Claro que, mesmo sem expectativas fechadas, chegando aqui muita coisa foi por terra. Infelizmente esse é um canto que, por herança histórica ou dificuldade de viver, muita gente supervaloriza o já batido jeitinho brasileiro para as coisas. As pessoas tentam te passar a perna, porque é quase um esporte. Não importa se roubar dez centavos ou mil reais, o que vale é a satisfação de te fazer de bobo. É a coisa, com certeza, mais triste que sinto sobre os cariocas. Claro que estou generalizando. Como jornalista, é isso que faço o tempo todo. Mas é uma impressão que ficou, e longe de querer parecer realidade, e mais longe ainda de significar que TODO MUNDO aqui é desonesto, o fato é que as atitudes nesse sentido me chamaram a atenção, o que já merece nota. “Se você fechar com a gente vai se dar bem”, já ouvi isso de um cara que estava me propondo uma amizade...   

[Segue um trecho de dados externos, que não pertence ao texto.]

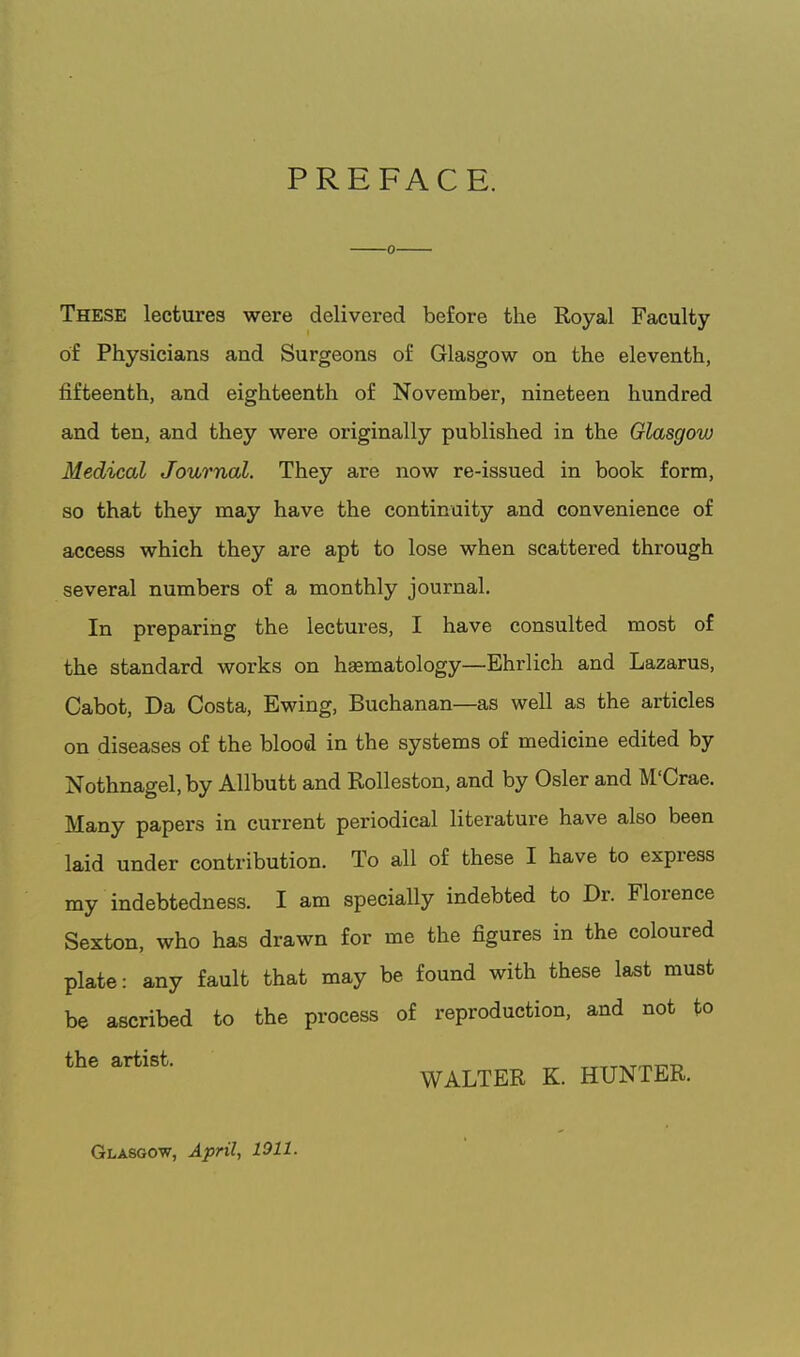 PREFACE. These lectures were delivered before the Royal Faculty of Physicians and Surgeons of Glasgow on the eleventh, fifteenth, and eighteenth of November, nineteen hundred and ten, and they were originally published in the Glasgow Medical Journal. They are now re-issued in book form, so that they may have the continuity and convenience of access which they are apt to lose when scattered through several numbers of a monthly journal. In preparing the lectures, I have consulted most of the standard works on hsematology—Ehrlich and Lazarus, Cabot, Da Costa, Ewing, Buchanan—as well as the articles on diseases of the blood in the systems of medicine edited by Nothnagel,by Allbutt and Rolleston, and by Osier and M'Crae. Many papers in current periodical literature have also been laid under contribution. To all of these I have to express my indebtedness. I am specially indebted to Dr. Florence Sexton, who has drawn for me the figures in the coloured plate: any fault that may be found with these last must be ascribed to the process of reproduction, and not to the artist. _ ^^TTT^Tmnr. WALTER K. HUNTER. Glasgow, April, 1011.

Outra coisa: o Rio é podre. É sujo, é fétido, cheira a gás da tubulação dos banheiros com chorume, que é aquele suco de laranja apodrecido no lixo. E as coisas são mal ajambradas, o que mais se vê por aí é gato, de energia mesmo, mil fios saindo do mesmo poste, calçadas mal cuidadas, ruas sujas. Nem tudo é zona sul, nem tudo é novela maquiando os velhos de Copacabana com time lapses infindáveis, nem tudo é ator escondido debaixo de óculos e boné numa paisagem de tirar o fôlego. Mas tem a paisagem, que é de tirar o fôlego. E tem um monte de coisas mais, que tornam de verdade essa terra apaixonante.

Adoro o fato de lugares muito simples terem um serviço fantástico. Gosto da tradição de certas coisas. Amo passear por ruas que tem nomes ainda do tempo do Brasil colonial, e prédios enormes, com janelas enormes, pinturas no teto e tapetes. Mas de longe, o que eu mais curto é esse jeitão carioca de falar com todo mundo. Ser jornalista aqui é fácil demais, você dá bom dia e estende o microfone, a pessoa vai te contar a vida dela num piscar de olhos. (Lembro ainda com um certo trauma como tinha que tirar leite de pedra pra fazer um “povo fala”, que é basicamente tirar uma resposta, uma respostinha pra uma questão em especial, de várias pessoas na rua. Perdíamos uma tarde, e muitas vezes sem conseguir completar a missão).

Mas enfim, o que me trouxe para o Rio foi uma aposta pessoal, eu tinha que saber se realmente a arte alimenta o espírito das pessoas. Há um ano, ainda bem,  estou ganhando essa aposta. A arte não só alimenta, pode acreditar, ela transforma as pessoas em melhores. Eu vim para cá com um espírito faminto e não estou dando conta da obesidade em que me encontro, e isso faz o meu estado de graça nessa terra se tornar tão claro para as pessoas. Claro que muita coisa artística acontecia também na antiga cidade, mas não com essa profusão, com essa facilidade, com essa bunda exposta na rua. Adoro perceber como sou ignorante, quanto filme de país que não conheço direito faz sucesso, quantos artistas eu nunca ouvi falar, e mais ainda, fico felicíssima em ver exposições com os quadros que conheci nos livros, e lincar referências tão distantes com objetos concretos que trazem tanta história que chegam a cheirar.

Então, a parte boa dessa história é que tem um final feliz. Final não, que tá no meio, quiçá no início. Estou trabalhando, estou super alegre com o que faço, é ainda melhor do que pude desejar para mim mesma nesse ano.  Gosto da minha casa, dos novos amigos, da minha relação com minha cidade natal, com a atual e com o mundo. Além de ter alimento de sobra para o meu espírito, sinto que consegui atingir meu principal objetivo.

 “Você vai voltar?”

Não sei. Talvez com uns 70 anos. Só sei que passei por muita coisa para ter o direito de não saber.